• [ASSIGNMENT]
When the line with "eshoppee 3mm (8/0)" turns up below, begin repeating exactly, and carry on through the line with "Dormitorio infantil con"; no pictures go into the copy.

• [MATERIAL PROVIDED]
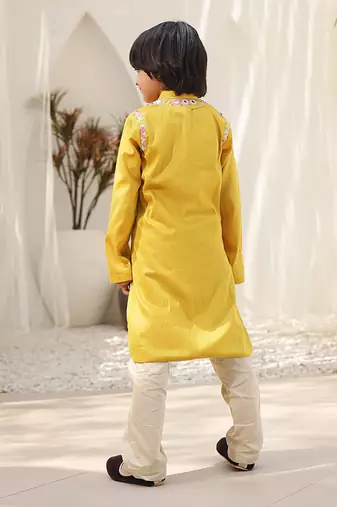 Mustard yellow kurta set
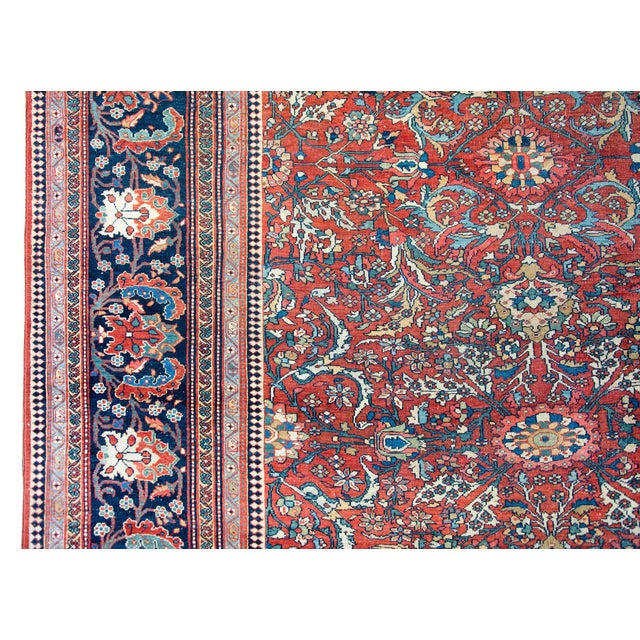 Late 19th Century Persian Sarouk Farahan Rug For Sale - Image 10 of 14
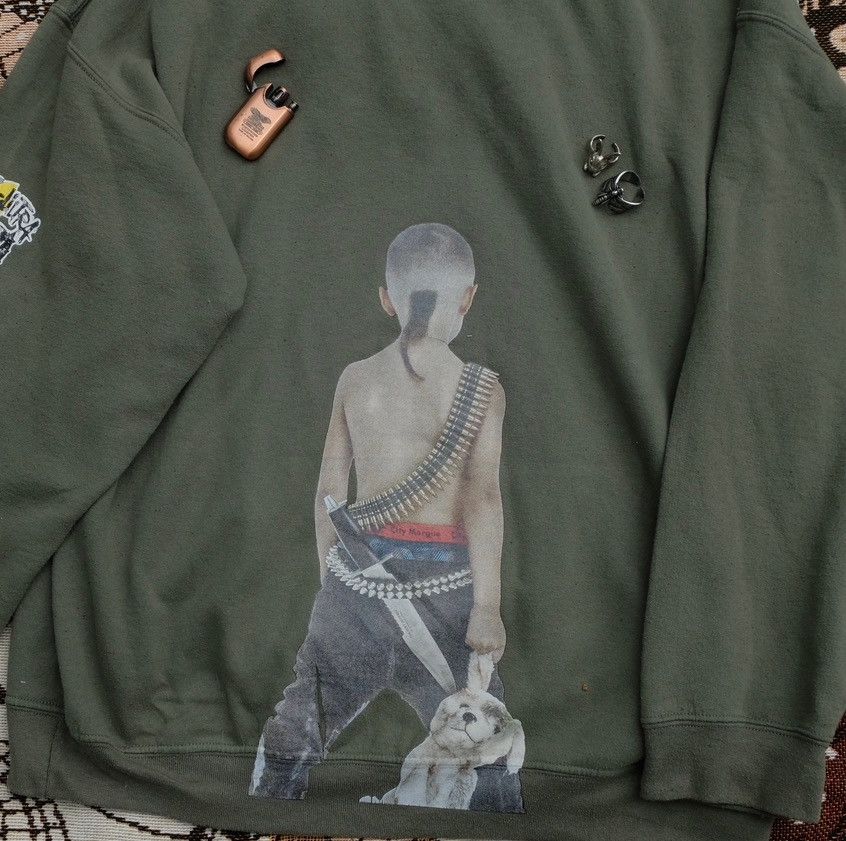 City Morgue CITY MORGUE vol. 1 Hell or High Water Hoodie (green) Size US XL / EU 56 / 4 - 7 Thumbnail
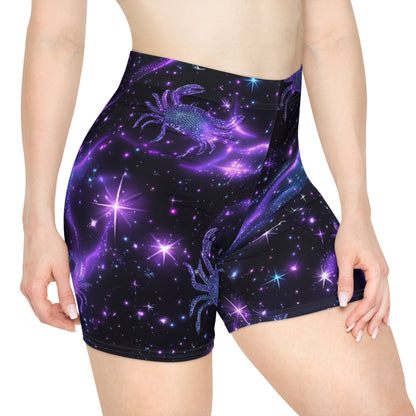 Cosmic Biker Shorts for Women - Astrology-Inspired, Stylish Activewear, Gym Shorts, Summer Fashion, Starry Nights, Zodiac Collection
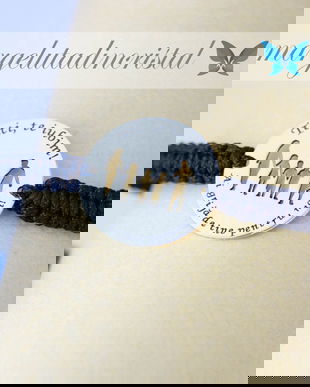 Bratara reglabila personalizata Te iubim tati / Ai grija de tine pentru noi / Argint 925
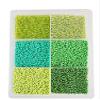 eshoppee 3mm (8/0) 300 gm Glass Seed Beads for Jewellery Making kit Art and Crafts Materials for Embroidery Necklace Bracelet Earring Making Materials DIY kit (Green Family 8/0) view 1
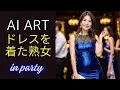 AI AI art Japanese mature woman in a dress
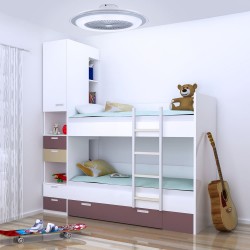 Dormitorio infantil con ventilador Ventilador AC Liria Led 40W CCT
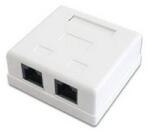  Cat. 5E UTP fali aljzat, 2 portos, öntapadós UTA5210 (UTA5210)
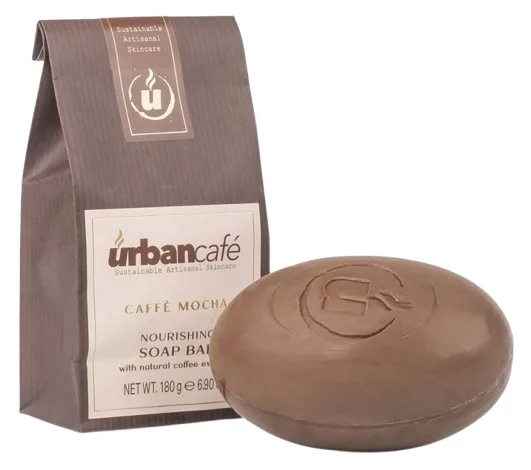 Мыло Urban Cafe Caffe Mocha в форме кофейного зерна, 180 г
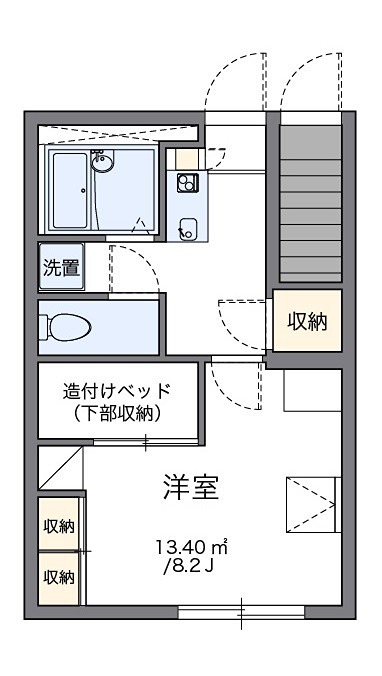 103号室 間取り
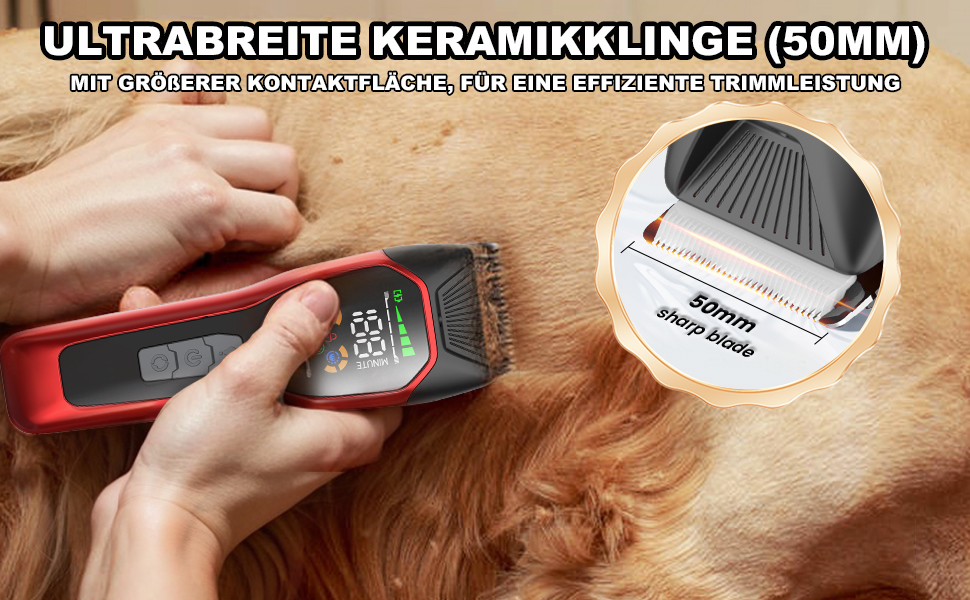 Професійна машинка для стрижки собак та котів з USB-C зарядкою, 2 швидкості, бездротова, для довгого, густого, сплутаного та кучерявого хутра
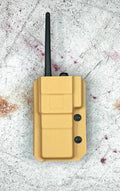 Deadly Customs Baofeng UV-5R Extended Radio Kydex Holster - Tan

• [ANSWER TO THIS PROBLEM]
 eshoppee 3mm (8/0) 300 gm Glass Seed Beads for Jewellery Making kit Art and Crafts Materials for Embroidery Necklace Bracelet Earring Making Materials DIY kit (Green Family 8/0) view 1
 AI AI art Japanese mature woman in a dress
 Dormitorio infantil con ventilador Ventilador AC Liria Led 40W CCT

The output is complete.